ACTIVITY ▸
Please copy, exactly and with no pictures, only the lines from the one containing "Комплект памяти DDR4" through the last line of the records.

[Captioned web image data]
==============================

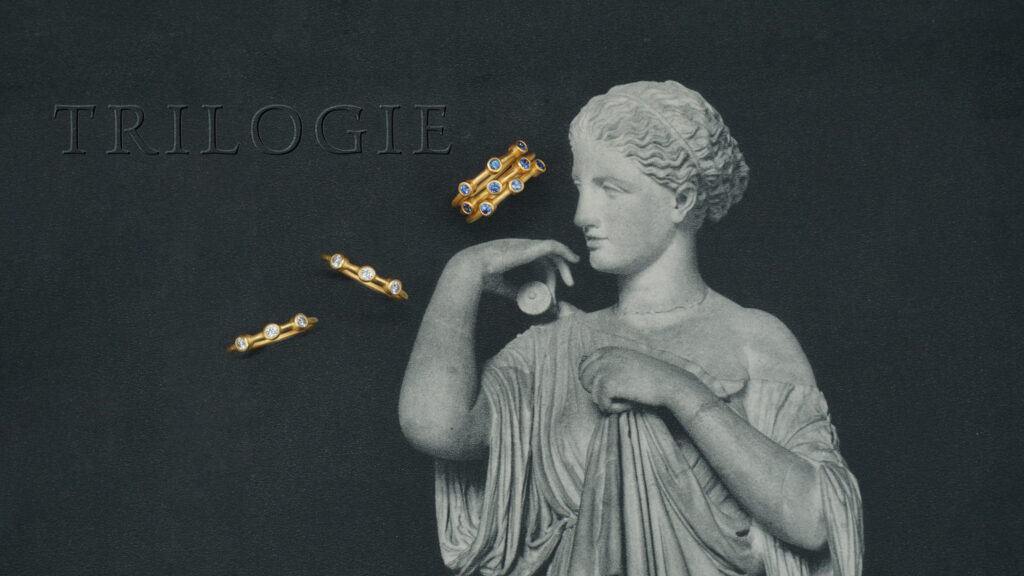 bague trilogie saphir diamant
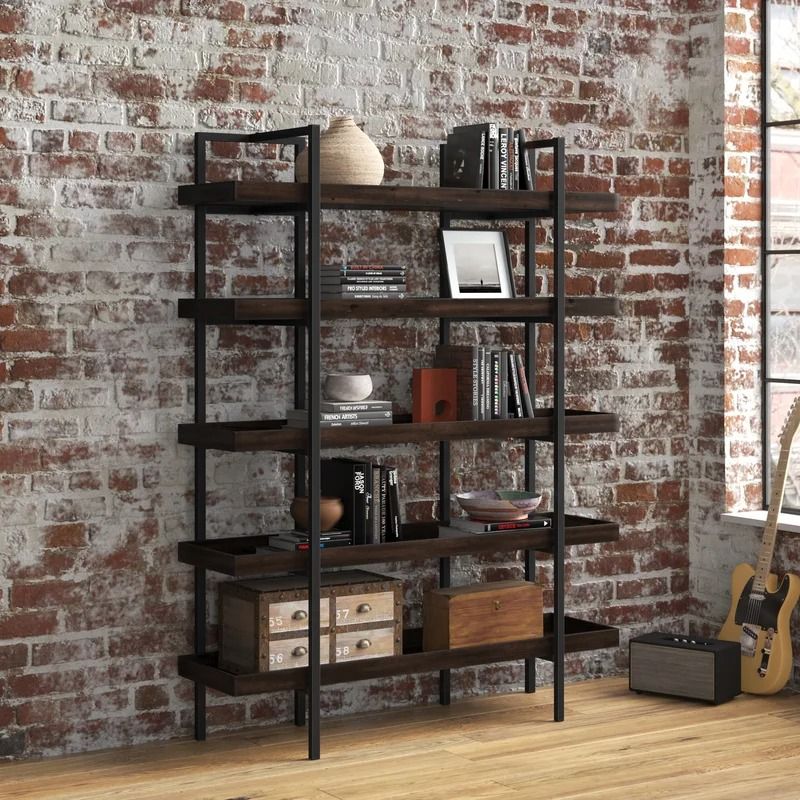 Kahlan 76'' H x 58'' W Iron Etagere Bookcase Williston Forge thumbnail 2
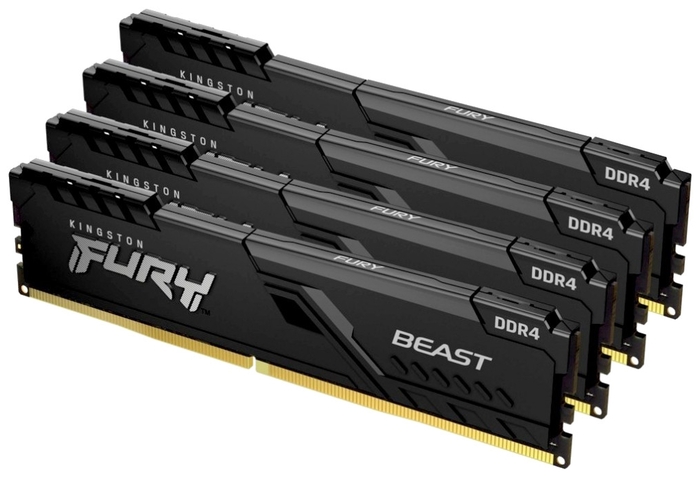 

Комплект памяти DDR4 DIMM 128Gb (4x32Gb), 3200MHz, CL16, 1.35 В, Kingston, FURY Beast Black (KF432C16BBK4/128), KF432C16BBK4/128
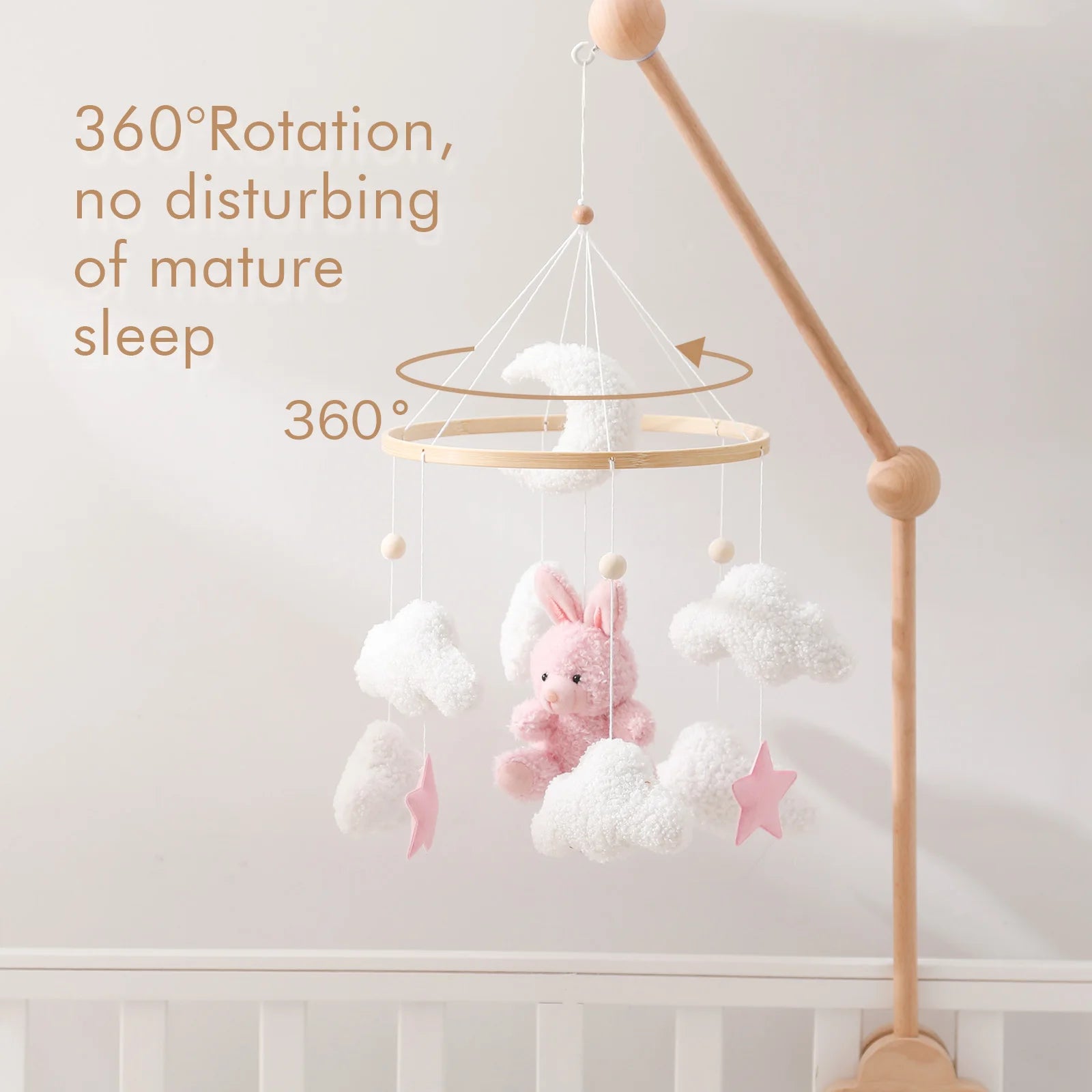 Baby Crib Mobile Wooden Rattle Toy Bed Bell Mobile Hanging Teddy Velvet Bear Doll Toy Newborn Music Box Crib Mobile Bracket Gift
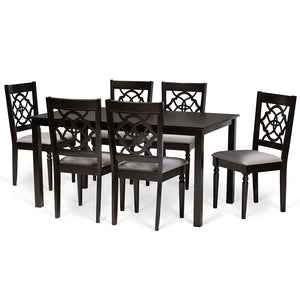 Baxton Studio Renaud Modern And Contemporary Grey Fabric Upholstered And Dark Brown Finished Wood 7-Piece Dining Set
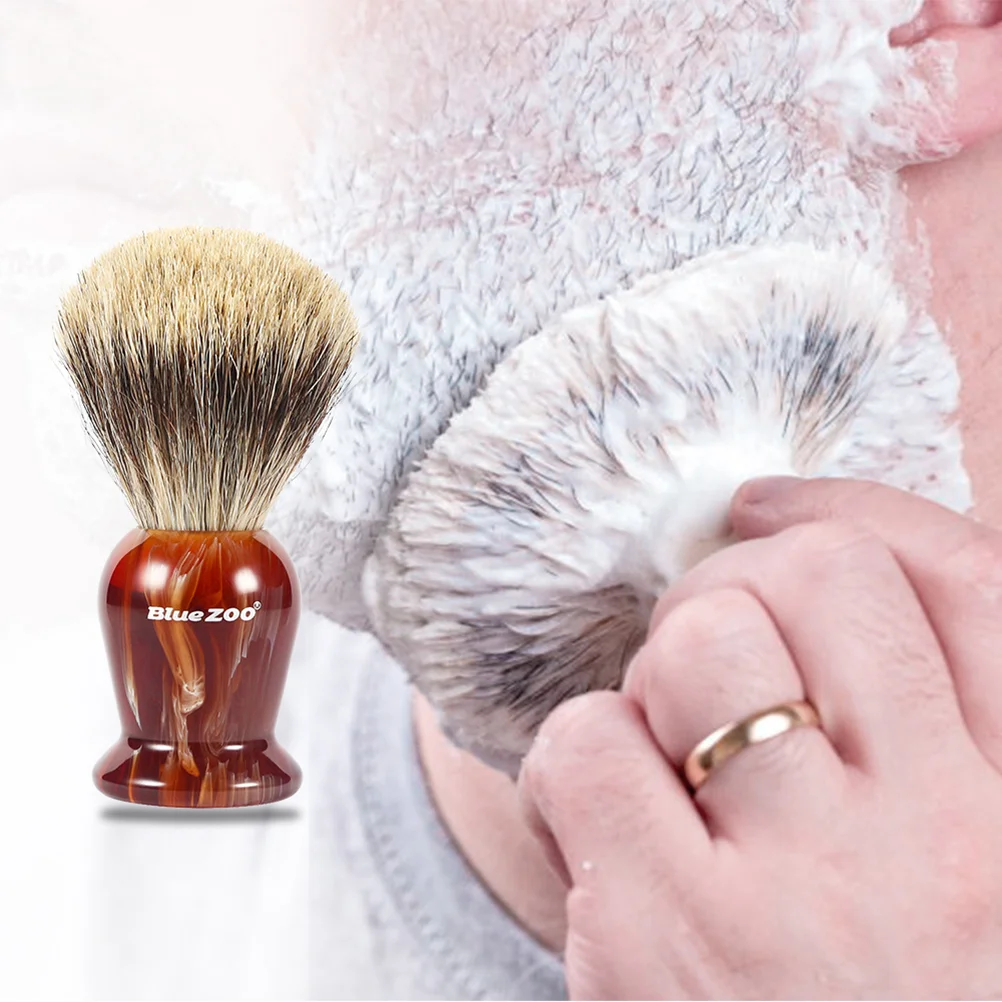 Resin Handle Beard Brush Durable Beard Cleaning Brush Useful Beard Care Accessory for Men Male (Brown)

==============================

RESULT FOR THIS TASK ▸
Комплект памяти DDR4 DIMM 128Gb (4x32Gb), 3200MHz, CL16, 1.35 В, Kingston, FURY Beast Black (KF432C16BBK4/128), KF432C16BBK4/128
 Baby Crib Mobile Wooden Rattle Toy Bed Bell Mobile Hanging Teddy Velvet Bear Doll Toy Newborn Music Box Crib Mobile Bracket Gift
 Baxton Studio Renaud Modern And Contemporary Grey Fabric Upholstered And Dark Brown Finished Wood 7-Piece Dining Set
 Resin Handle Beard Brush Durable Beard Cleaning Brush Useful Beard Care Accessory for Men Male (Brown)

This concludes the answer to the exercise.